[NTLUG:Discuss] su?
Aaron Goldblatt
aaron at goldblatt.net
Thu Jul 12 18:29:33 CDT 2001
> That's what I'd like to do, but how? www is a special account
> used by the webserver, and I'm not sure how to find out what its
> password is, or how to change it. If a person were root, he
> could obviously "su www", but I don't want anyone to be root.
As root:
# passwd www
As root, you don't need the know the password to change it. That way, if a
user loses his password, root can reset it.
> If I were to change the password for www, wouldn't that mess up
> the services that run as www? Or do they not need a password
> because they're started by root?
They don't need a password, as you describe, because the change in ownership
is being done by a process running as root ... so no permissions need apply.
THAT is the danger of running things as root, and why you should avoid doing
so anywhere you can. Processes that run as root bypass most of the operating
system's internal security checks. (ala rm -rf /)

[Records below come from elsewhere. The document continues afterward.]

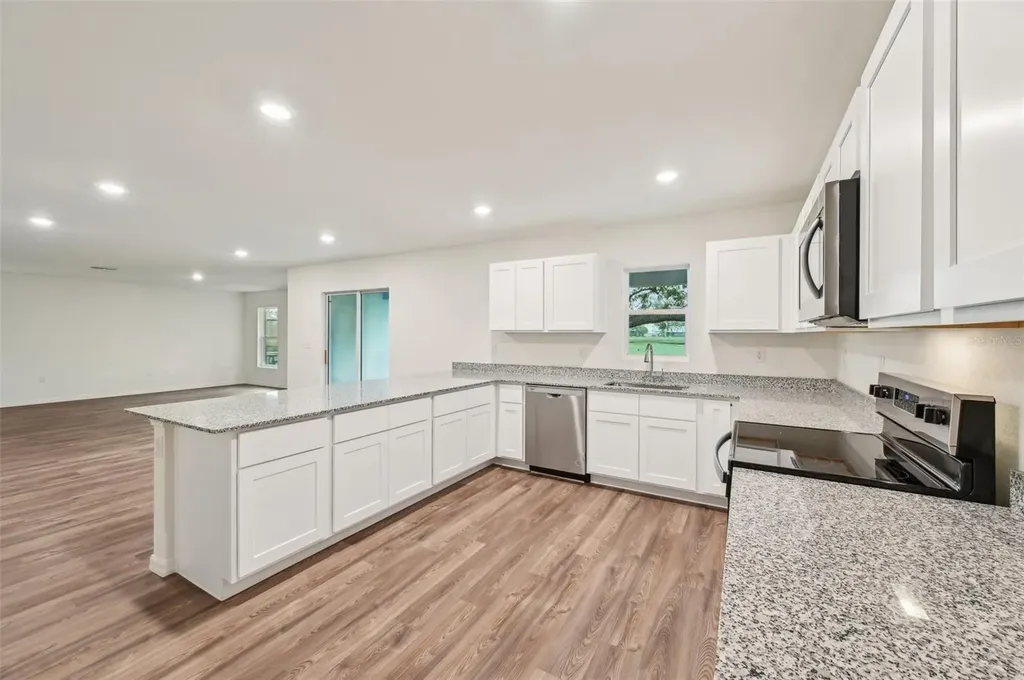 16 Sanders Circle Homosassa FL 34446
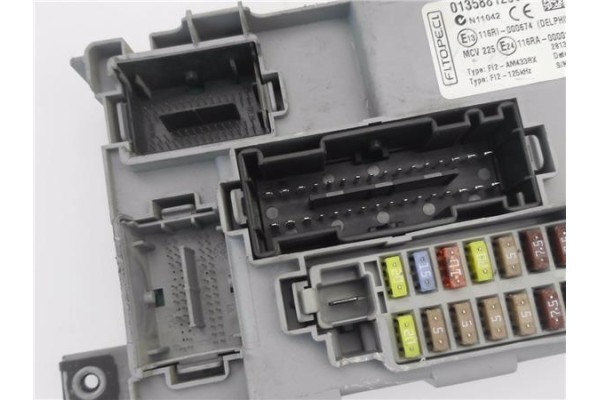 Recambio de caja fusibles/rele para peugeot bipper 1.4 básico referencia OEM IAM 01358812080  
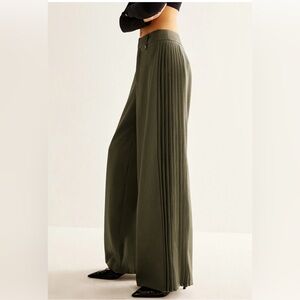 Commense Side Pleated Wide Leg Pants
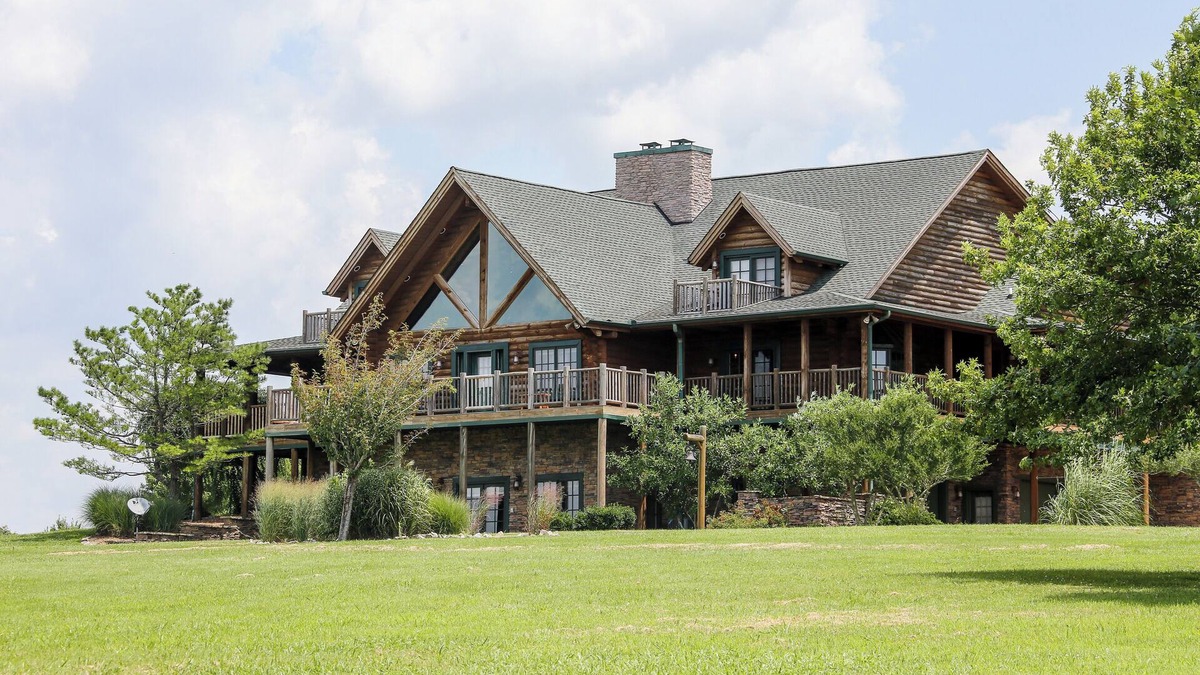 Castalian Springs House | Privately owned Retreat Center on 200 acres.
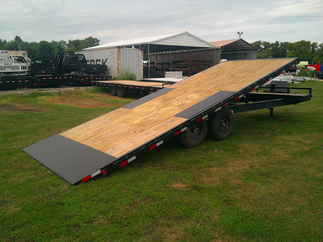2026 PJ Trailer 102x24 T8 Equipment Deckover Tilt T8J2472BSTK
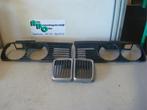 Calandre d'un BMW 3-Serie (3-Serie 82-), -, 3 mois de garantie, Utilisé, -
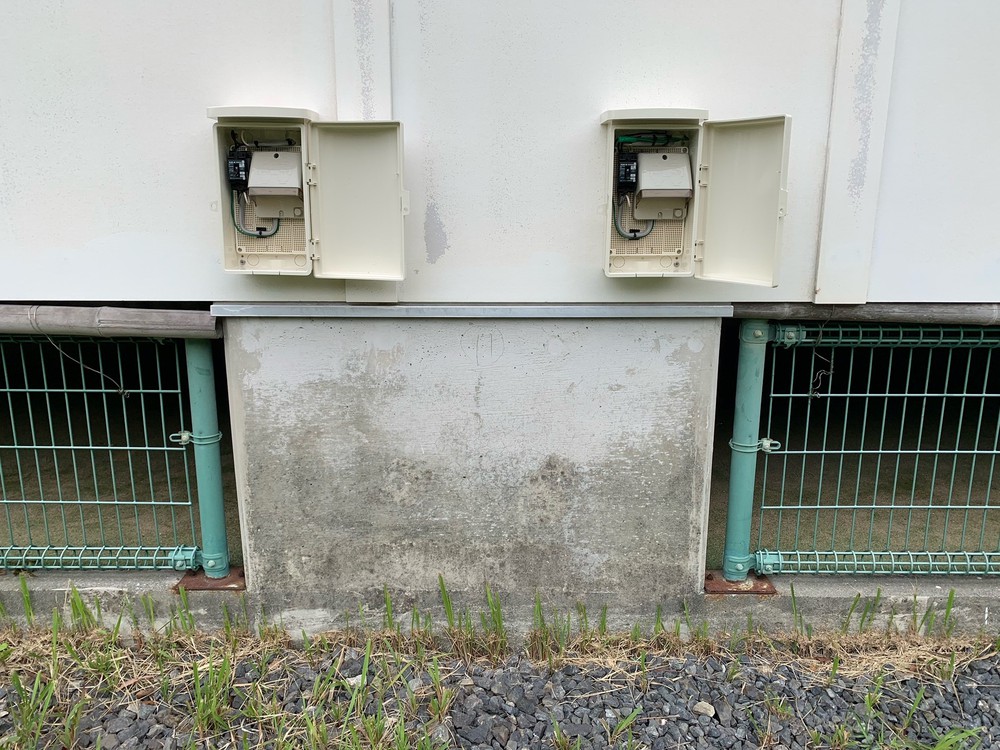 電源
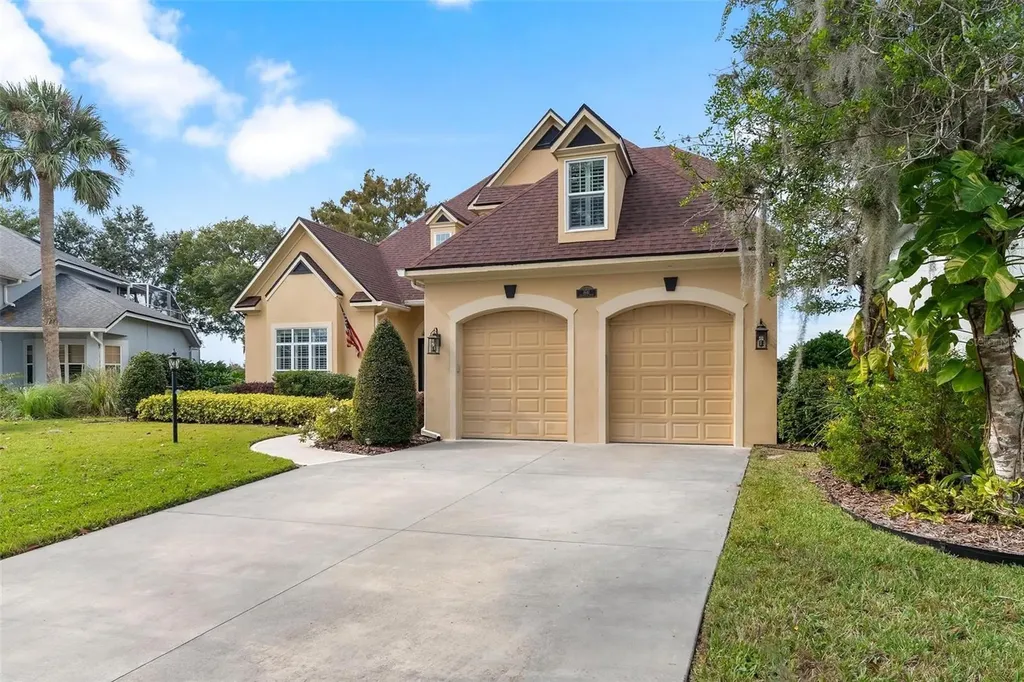 1641 Edgewater Drive Mount Dora FL 32757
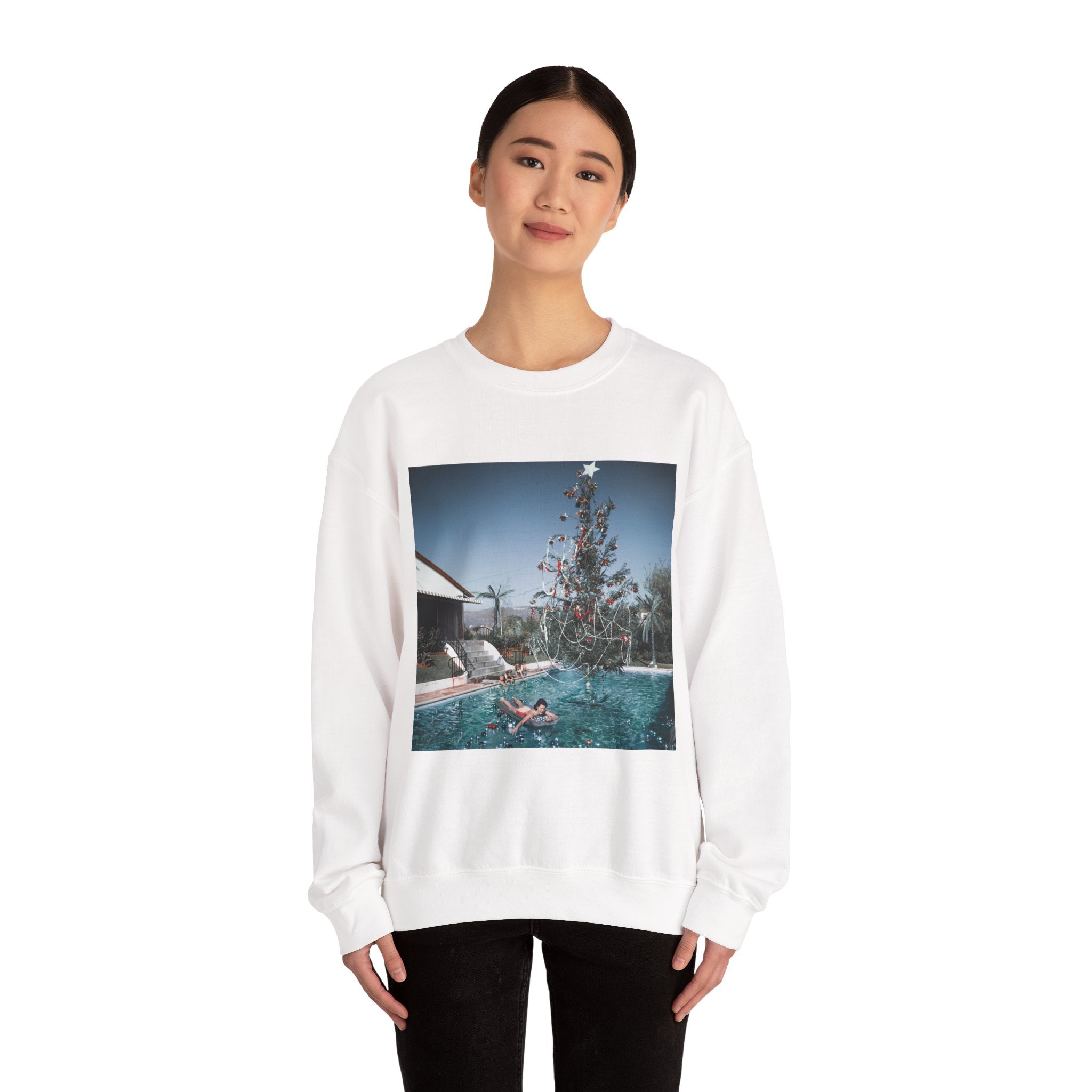 Vintage Poolside Christmas Tree Crewneck Sweatshirt - Gildan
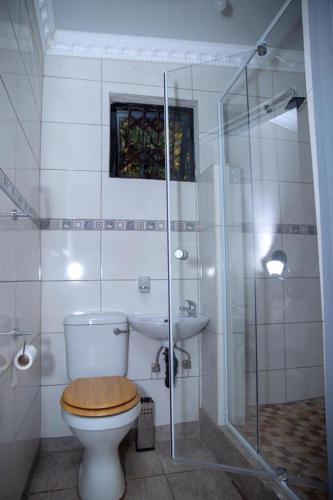 Ένα μπάνιο στο Ecogreen Guesthouse
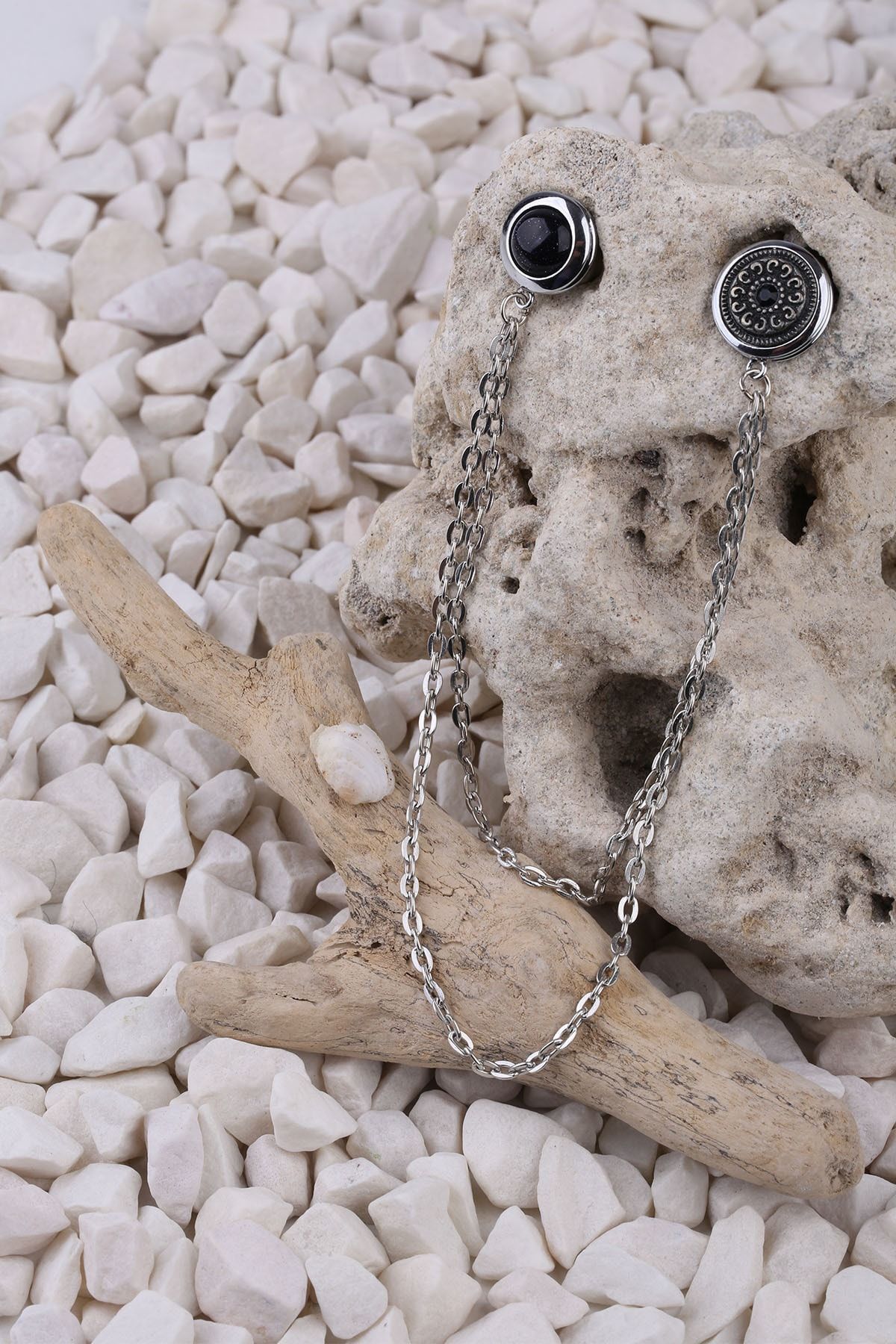  سنجاق سینه یقه ای تزیین شده با زنجیر و سنگ YI90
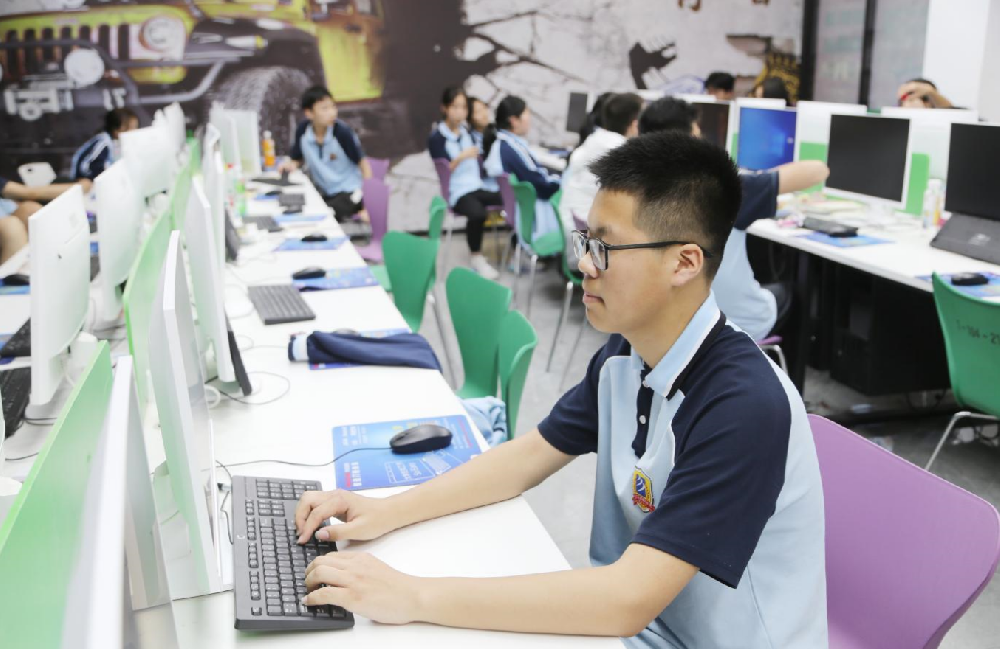 新生故事：千里求学，圆梦陕西新华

Just beware that the person(s) you give this password to can blow a big hole
in your web server and there's not much you can do about it, beyond making
all the config files read-only and owned by root (which I would advise). But
unless you have some root-owned supervisory process running, you may expose
yourself to a situation where the user can shut down the daemon and/or damage
logs and files.
Going the group permissions route is much better, imo, or using sudo. Sudo
allows you to specify which commands a user is permitted to execute, so you
can restrict things like kill and make them stick to chown.
Beware with sudo: The default user as which things are done is root, and if
you let the user run any command under sudo without correctly restricting it,
the user might run something like "sudo bash" which suddenly gives the user a
root shell, which is obviously not what you want. Even "sudo -u www bash"
might have some undesired consequences.